Effect Of RNAi Targeting CLIC1 On The Physiological Function Of Lung Adenocarcinoma Cells

Lung cancer is the most life-threatening neoplasia in the world with high incidence and mortality rates. Especially, human lung adenocarcinoma became more and more prevalent in recent years. Lung cancer derived from lung epithelial; the process of neoplasm formation may take 20-30 years. The tumorigenesis features heterogeneity and metastasis, most of patiences were diagnosed and treated until late stages, contributing to the low efficiency of therapy and bad prognosis. Based on the analytic results from differential proteomics, we choose chloride intracellular channel protein 1 (CLIC1) that has over-expression in lung adenocarcinoma for further functional studies, aiming to reveal whether CLIC1 functions as a potential biomarker for prognosis and a targeted protein for anti-cancer treatment of lung adenocarcinoma.AIM:To observe the mRNA level and protein expression level of CLIC1 after transiently transfecting human lung carcinoma cell A549 using siRNA, to detect the effect of RNAi targeting CLIC1 on the proliferation and metastasis of lung carcinoma cell A549. The effect of RNAi targeting CLIC1 on physiological function was investigated.Methods:Real-time quantitative polymerase chain reaction and Western blot methods were used to detect the knock down of CLIC1 mRNA level and protein expression level after transfection for 0,2,48,and 72 h. WST-1 method was used to detect the proliferation of the cells every day in five days after transfection and the cell growth curve was depicted. Cell cycle and apoptosis were determined on cells via flow cytometry after transfecting 48 h.
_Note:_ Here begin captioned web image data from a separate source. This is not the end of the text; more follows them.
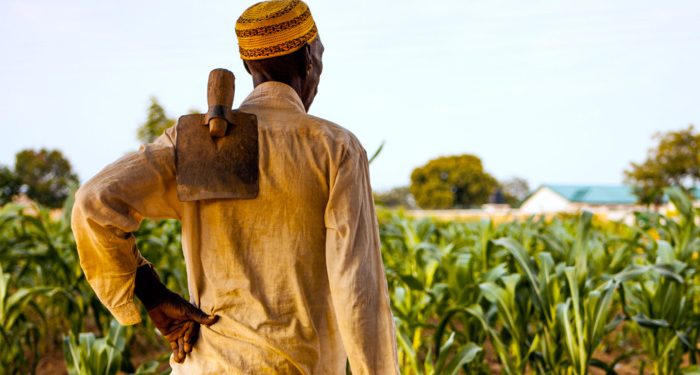 Read more about the article How intellectual property rights could triple the income of farmers in Ghana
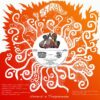 No Strange Universi e Trasparenze (Orange sleeve)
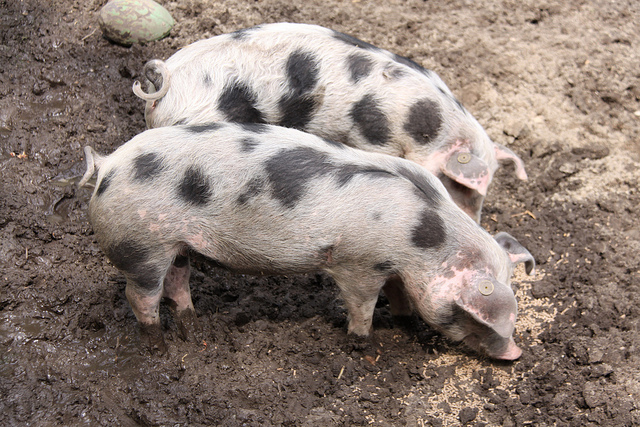 Such hungry noisy piglets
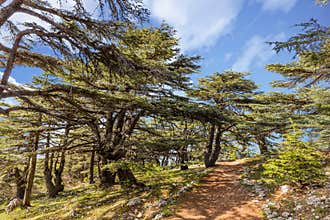 Trees of Al Shouf Cedar Nature Reserve Barouk Lebanon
Transwell chamber and scrach healing were used to analyze the migration and invasion of A549 cells.Results:The mRNA level of CLIC1 was knocked down 97% after transfecting 24 h; the protein level of CLIC1 was knocked down over 80% after transfecting 72 h. Compared with two control groups, cell proliferation of the siRNA group was suppressed (P＜0.05); however, cell cycle and primitive apoptosis of the other three groups did not change dramatically after transfecting 48 h. At the same time, the migration and invasion of the siRNA group were suppressed 60%(P<0.01), and-68%(P＜0.05), respectively.Conclusion:Silencing CLIC1 could effectively inhibit the proliferation of human lung carcinoma cells and suppress the metastasis of the tumor. CLIC1 could be a new target for suppressing the proliferation and the metastasis of the tumor.